24 декабря 1761 года смерть Елизаветы и воцарение полоумного Петра III развеяли в прах лучшие надежды Ломоносова. Инавгурация университета не состоялась. Речь Ломоносова во славу наук и русского народа не была произнесена. Но Ломоносов не перестает бороться за развитие русской культуры После свержения Петра III он пытается обратиться к Екатерине II через всесильного временщика графа Г. Г. Орлова. В письме от 25 июля 1762 года он просит Орлова помочь ему открыть второй университет — «златой здешним наукам век поставить». Но Орлов остался равнодушен к просьбе Ломоносова.
Ломоносов не оставляет попечения об академическом университете и пытается в труднейших условиях наладить его учебную работу. В декабре того же 1762 года в академическом университете состоялись экзамены семнадцати студентов, получивших хорошие отзывы от профессоров. В «Записке о состоянии университета», представленной Разумовскому 5 февраля 1763 года, Ломоносов радостно сообщает, что «через год из помянутых студентов человеков двух надеяться можно адъюнктов». Это будут, с гордостью подчеркивает Ломоносов, «действительные академические питомцы, с самого начала из нижних классов по наукам произведенные, а не из других школ выпрошенные».

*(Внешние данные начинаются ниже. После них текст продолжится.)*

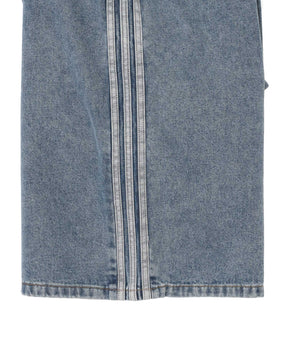 MID RISE DENIM JORTS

Усилия и надежды Ломоносова скоро оправдались. Уже в первые десятилетия после его смерти многие воспитанники академической гимназии заявили о себе замечательными трудами. Они все принадлежали к демократическим слоям русского народа и на разных поприщах боролись за развитие производительных и культурных сил своей страны. Мы упомянем лишь о плеяде замечательных ученых-натуралистов, значительно подвинувших вперед изучение России, ее природы и естественных богатств. Среди них солдатский сын, талантливейший ботаник и этнограф Василий Федорович Зуев (1754–1794) и сын захолустного пономаря химик Никита Петрович Соколов (1748–1795), ставшие впоследствии академиками. Они участвовали в широко известной в науке экспедиции академика Палласа, выполнили наибольшую часть работ и были соавторами научного описания экспедиции. Книга Зуева «Начертания естественной истории» (1786) превосходила, по отзыву Палласа, все тогдашние иностранные руководства. В. Ф. Зуев первый описал криворожские рудные месторождения и напечатал несколько работ о других полезных ископаемых, в том числе большую статью «О Турфе» (1788). Никита Соколов составил «Описание приисков земляного угля в Калужском местничестве» (1794).

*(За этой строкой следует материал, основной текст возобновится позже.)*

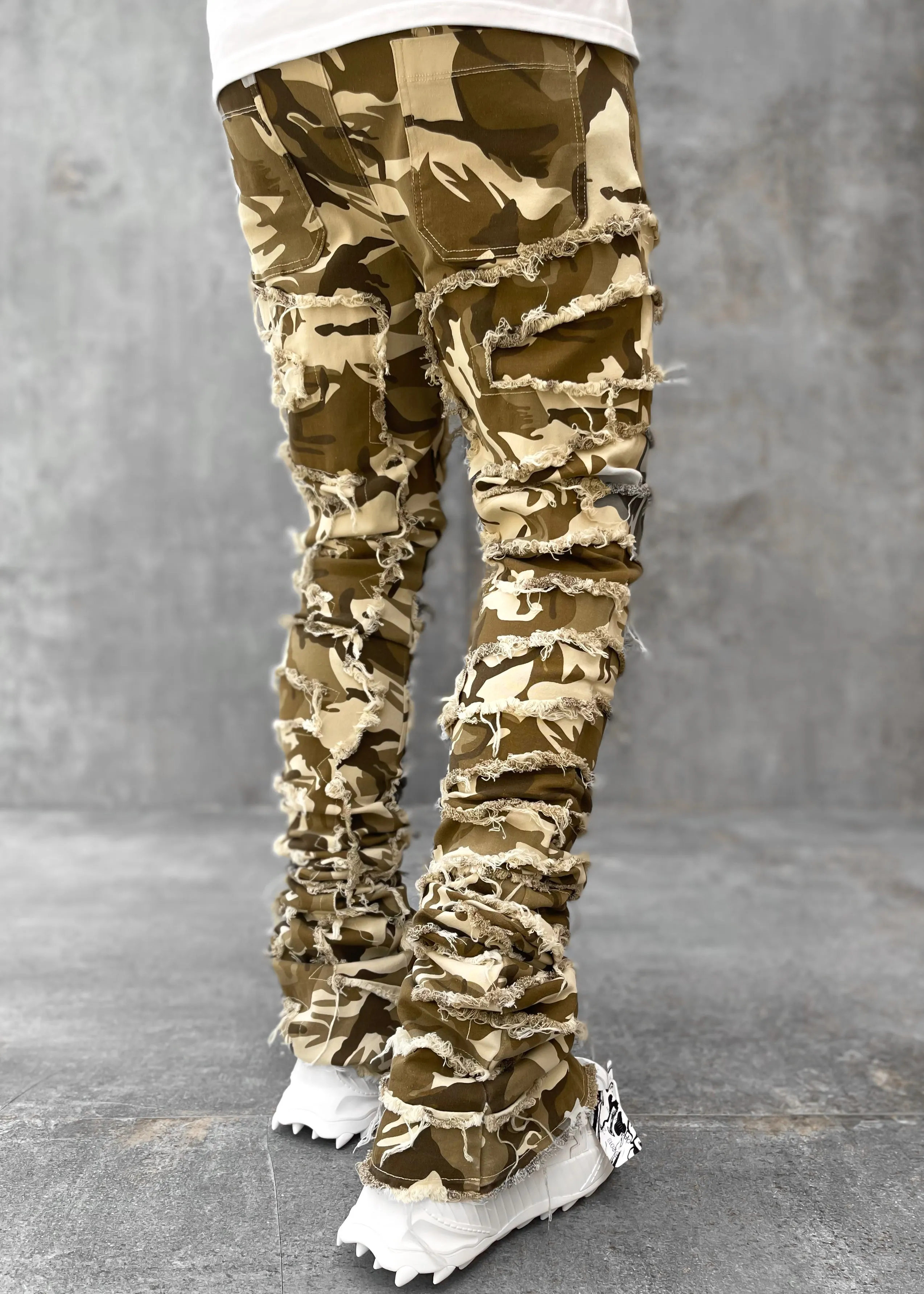 Guapi - Camo Blood Diamond Stacked Denim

Сын солдата Преображенского полка, астроном Петр Борисович Иноходцев (1742–1806), замеченный в юности Ломоносовым, совершил много поездок для определения географического положения различных мест России, разрабатывал проект соединения каналом Волги и Дона. Сын солдата Семеновского полка Иван Иванович Лепехин (1740–1802) стал крупнейшим русским ботаником и зоологом, в честь которого были названы два вида насекомых и одно редкое растение.
Лепехин много путешествовал по России, изучал бассейн Северной Двины и берега Белого моря. Сотрудником и помощником его был воспитанник академической гимназии, сын деревенского священника, Николай Яковлевич Озерецковский (1750–1827), крупный русский биолог, известный исследователь Кольского полуострова, также ставший впоследствии академиком.
Четыре тома «Дневных записок путешествия Ив. Лепехина по разным провинциям Российского государства» (1771–1805) заключали не только описание множества растений, животных, рыб, птиц, насекомых, найденных им во время путешествий, но и сведения о минералах и других природных богатствах, способах или возможностях их добычи и применения, описание ремесел да и вообще всего быта населения, с которым он встречался, обстановки, утвари, примет, легенд, поверий, копии с древних актов и грамот, описание старинных зданий, монет и оружия. Лепехин уделял большое внимание этнографии нерусского населения нашей родины, подробно и с сочувствием говорил об обычаях, образе жизни, занятиях, верованиях коми, вогулов, чувашей, мордвы, киргизов и башкиров.